In Romeo and Juliet, love is the most significant theme. It is first introduced at the start, when Romeo pronounces his love for Rosaline. As the plot progresses, Romeo and Juliet fall in love at Capulet's ball. Romeo and Juliet's love is aggressive, passionate and overpowering. Their love supersedes all other values, such as family, loyalties and emotions. This drives them to defy their current social situations. While love is the overarching theme of the play, readers should remember the way that Shakespeare aims to portray love. He doesn't want a prettied up version that is cliché. Shakespeare shows love as a driving force that can cause the opposite of what it really is. Instead of happiness and emphatuation with a person, it can cause tragedy and death. The underlying message that the reader should resinate with is that love can capture individuals and turn their worlds upside down. At the beginning of the play, love is described through the scope of religion. By the end of the play, love is shown as a mystic, dark force that is more powerful than what many perceive it to be. While Romeo and Juliet does not make any connection between love and society and religion, it portrays passionate and chaotic love and links it with death and tragedy.
In Romeo and Juliet, violence shapes their world and is vital to the progression of the play. From the first scene, members of the family clash in the piazza. In other scenes, Tybalt challenges Romeo to a duel, and eventually dies at Romeo's hand. From the start of the play, this seemed inevetable. Due to the constant feuding between the families, violence must exist else the plot and storyline will change. Violence is also deeply linked to sex. This is generally true as the violence often casts a shadown on Romeo and Juliet's relationship. It also comes up in other ways, such as when Sampson and Gregory proclaim to sexually assult the Montague women. Even the language that sex is described in forms violent imagery. At the end when Romeo says:"Let me be put to death", he is using an entondre. On one hand this means that he will literally be put to death, but on the other, death is slang for orgasm.

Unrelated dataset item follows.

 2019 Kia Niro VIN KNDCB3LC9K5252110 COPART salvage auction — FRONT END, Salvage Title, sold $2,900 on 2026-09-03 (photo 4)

From the prologue to the end of the play, fate is explored throughout Romeo and Juliet. In the play, fate is shown as a driving force, often more powerful than love and hate. In the play Romeo's defiance often determines his fate. He does everything he can to stay with Juliet, which results in their deaths. Fate works in all major events and aspects of the play, such as the two feuding families, the series of unfortunate events that follow Friar Lawrence's plan as well as the timing of Juliet awakening causing both to commit sucicide. The way that these events unfolded in the story were not mere coinicdences, they were all determined by the fate of Romeo and Juliet. While there are various other interpretations of fate, this is the one that is widely accepted and taught.

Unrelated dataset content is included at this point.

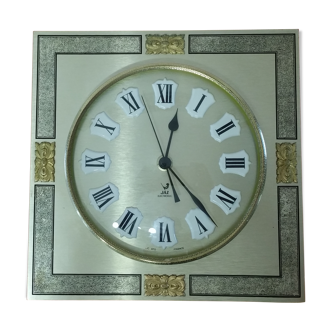 Jaz retric clock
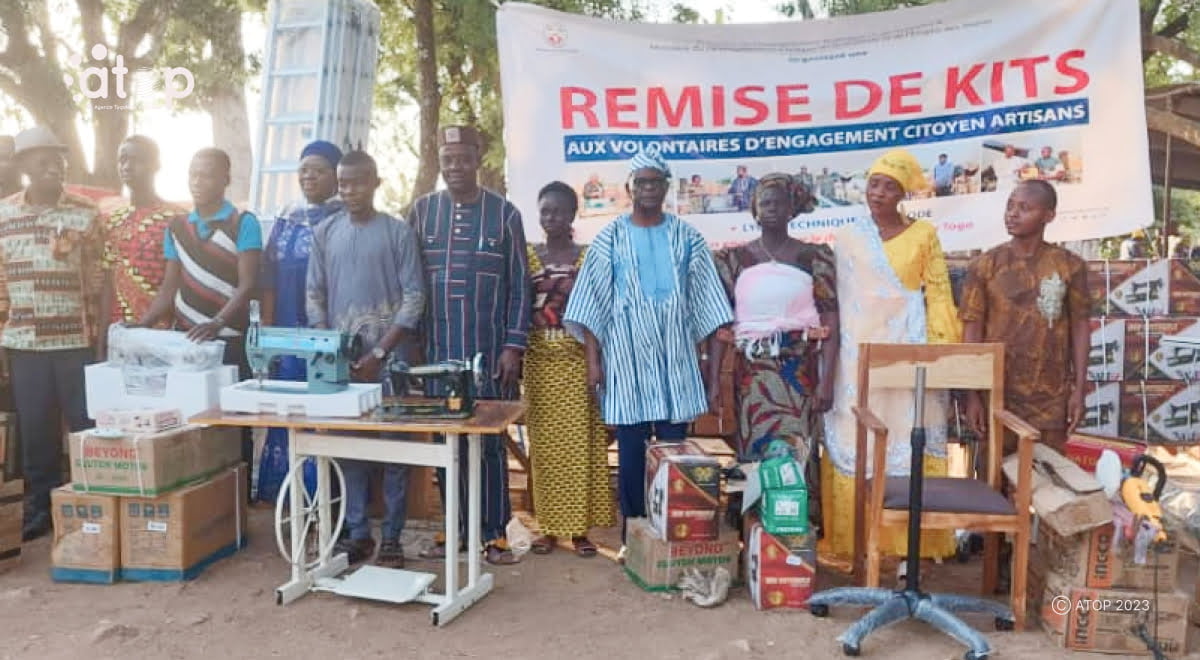 Atop.tg 87 volontaires artisans de la centrale ont beneficie de kits dinstallation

Both Romeo and Juliet are quite, young. Shakespeare uses this as a device to convey themes of youth. For example, Romeo roams the streets of Verona with young, short-fused men, who are quick to fight. This resembles modern day gang culture, where opposing groups fight each other on the streets just as what happens in Romeo and Juliet. Shakespeare also depicts Romeo as somewhat immature. This can be seen through his speech. When he is obsessed with Rosaline he says,"Compare[Rosaline's] face with some that I shown, And I will make thee think a swan a crow". This shows how Romeo is immature in some senses, just as every other teenager is. We never learn Romeo's age but we do learn that Juliet is thirteen years old. Her mother thinks that she is ready to marry the county Paris, yet her father thinks of her as a,"stanger to this world". While Juliet doesn't want to marry Paris, she thinks that she is mature enough to be married. Eventually when she marries Romeo, she describes to the audience how she looks forward to her wedding night. She describes this by comparing herself to,"an impatient child", which reminds the audience that that is what she is. The acknowledgement of their deep love, amplifies the saddness at the end of the play when they die from their short, passionate relationship.